Short web captions:

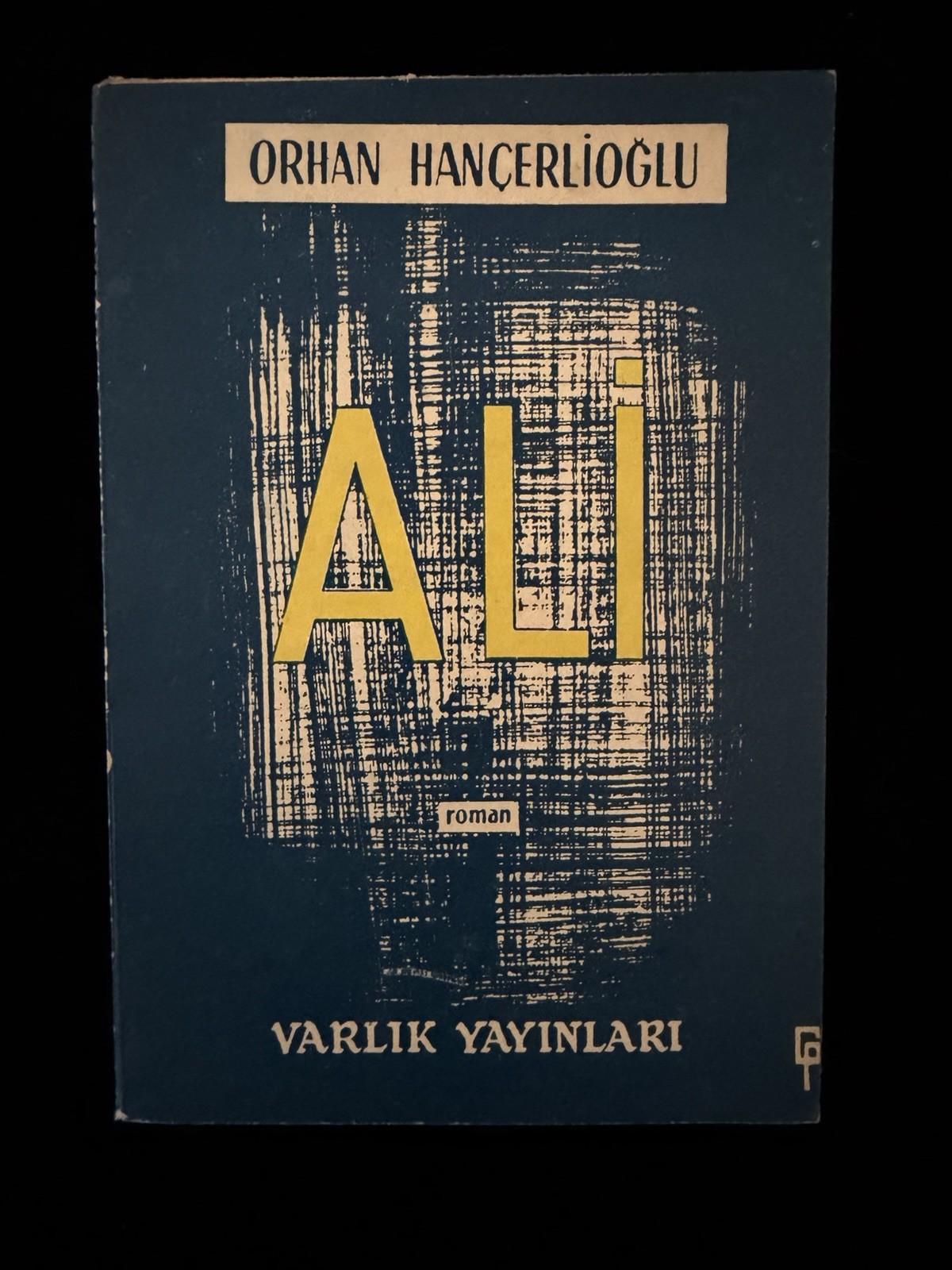 Ali Orhan Hancerlioglu Turkish Novel Varlik Yayinlari Vintage PB Book 1959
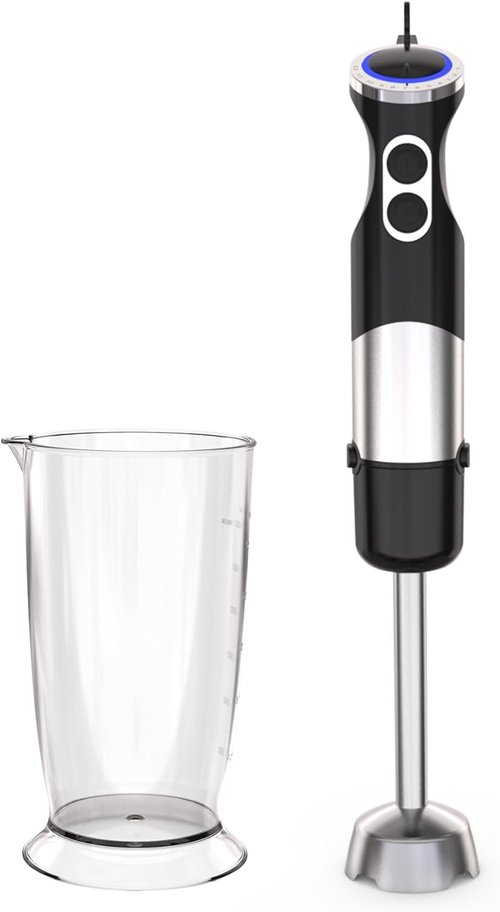 **Skiennix Immersion Blender - 12-Speed Handheld Mixer with Turbo Mode | Portable 2-in-1 for Smoothies & Baby Food**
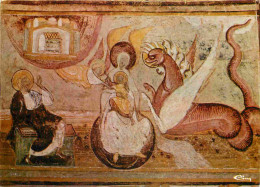 Delcampe - Carte Postale - 86 - Saint Savin Sur Gartempe - Intérieur De L'Eglise - Peinture Murale De La Voute Du Narthex - Invasio - Saint Savin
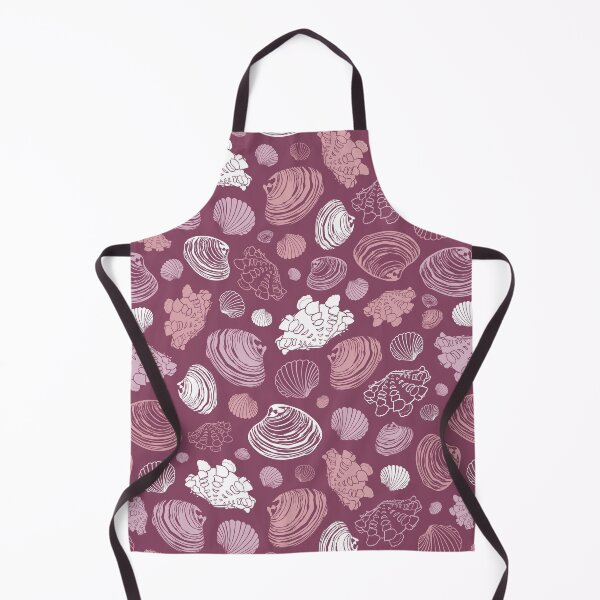 Item preview, Vector purple repeat pattern with variety of clam seashells.  designed and sold by jamiesoondesign.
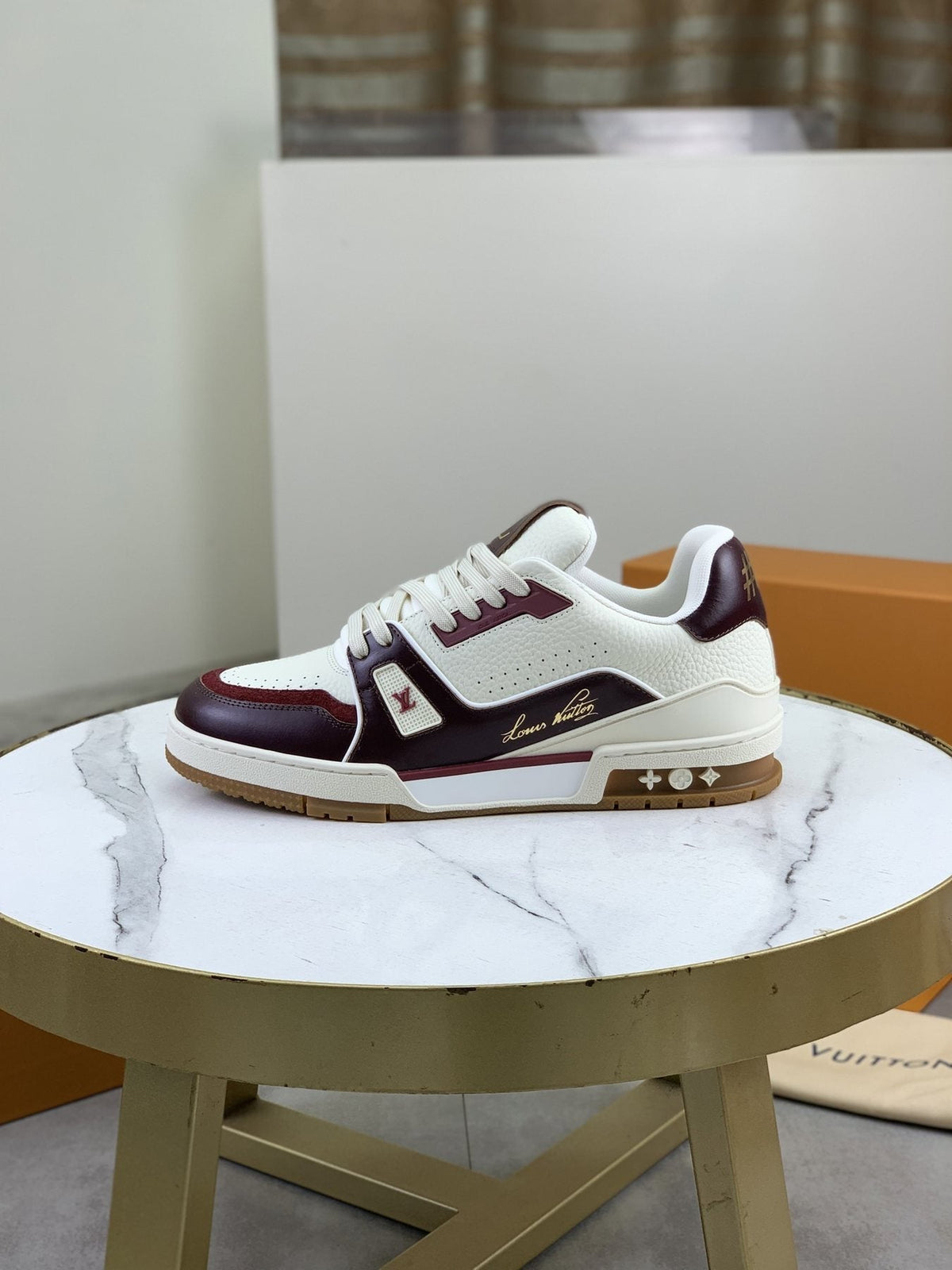 Louis Vuitton Panel-Trim Low-Top Sneakers — side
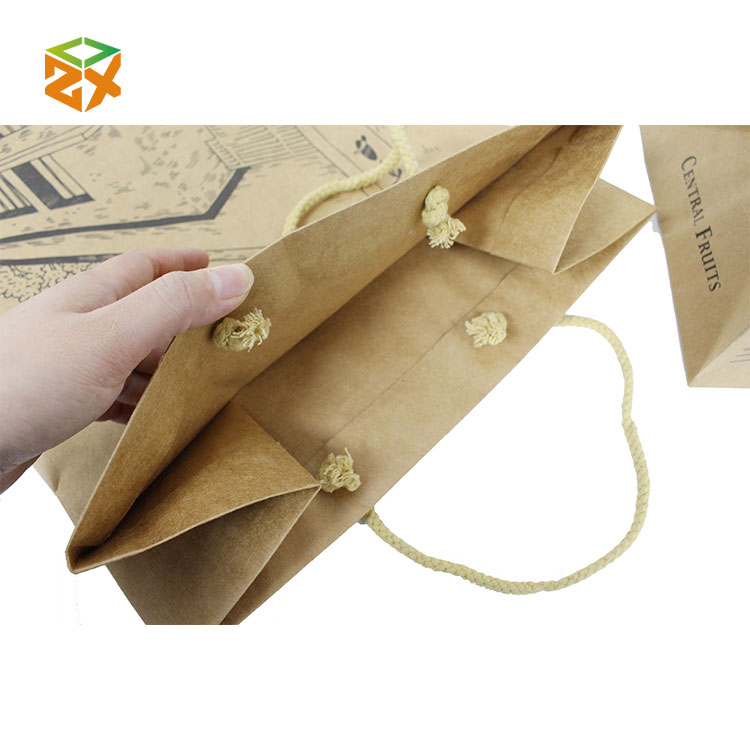 Kraft Paper Bag karo Handle - 2
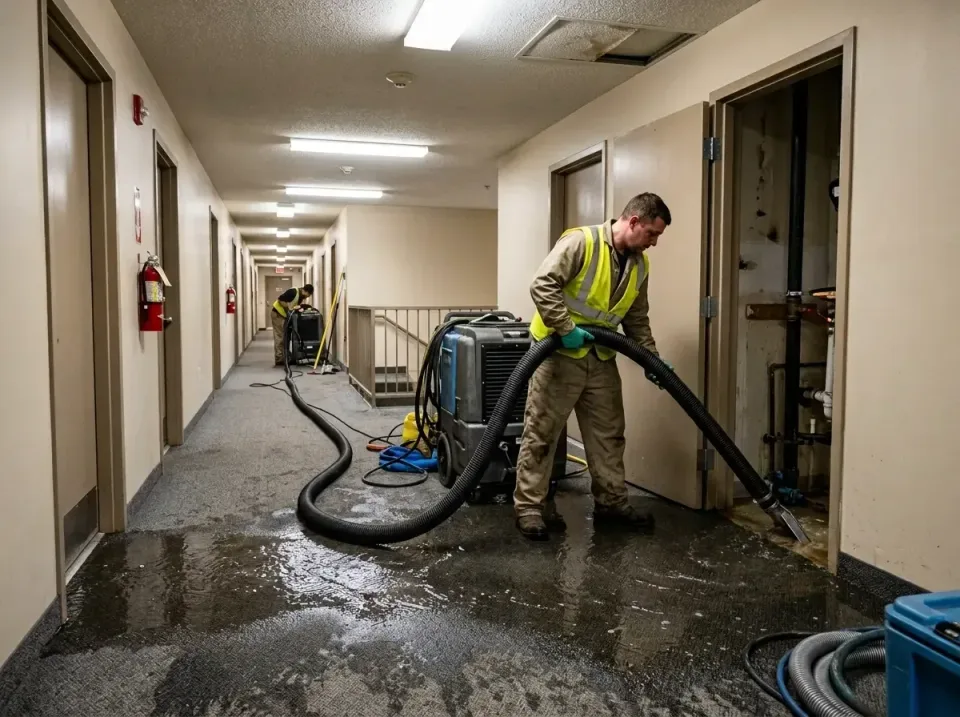 multi-unit-apartment-hallway-f-005 — frequently asked questions, Emergency Burst Pipe Water Extraction & Removal in Pauls Va…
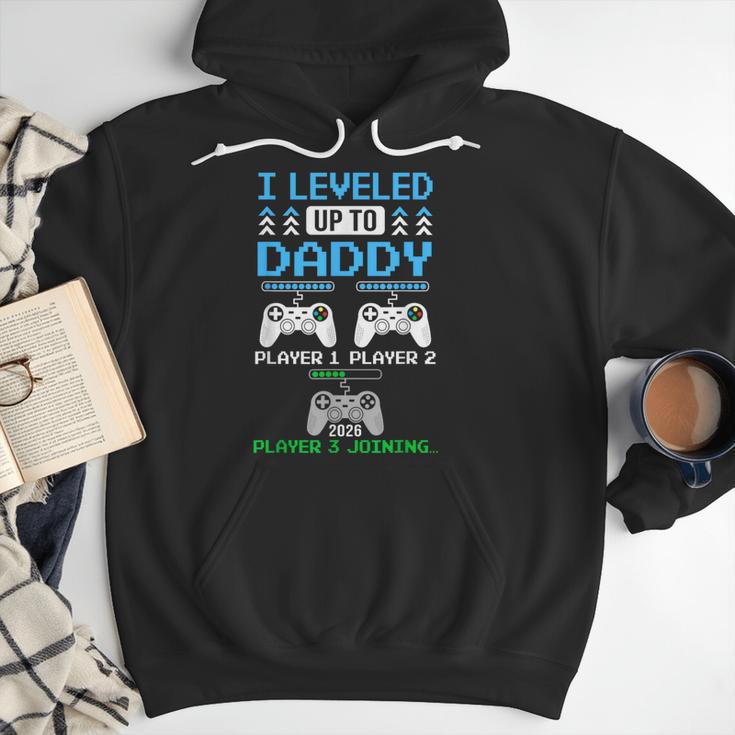 Leveled Up To Daddy Again Gamer Dad Est 2026 Men Hoodie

Exercise: Give again, word for word, the lines above from the one with "Delcampe - Carte" through the final line of the data, both ends included. Do not copy any picture.

Task output:
 Delcampe - Carte Postale - 86 - Saint Savin Sur Gartempe - Intérieur De L'Eglise - Peinture Murale De La Voute Du Narthex - Invasio - Saint Savin
 Item preview, Vector purple repeat pattern with variety of clam seashells.  designed and sold by jamiesoondesign.
 Louis Vuitton Panel-Trim Low-Top Sneakers — side
 Kraft Paper Bag karo Handle - 2
 multi-unit-apartment-hallway-f-005 — frequently asked questions, Emergency Burst Pipe Water Extraction & Removal in Pauls Va…
 Leveled Up To Daddy Again Gamer Dad Est 2026 Men Hoodie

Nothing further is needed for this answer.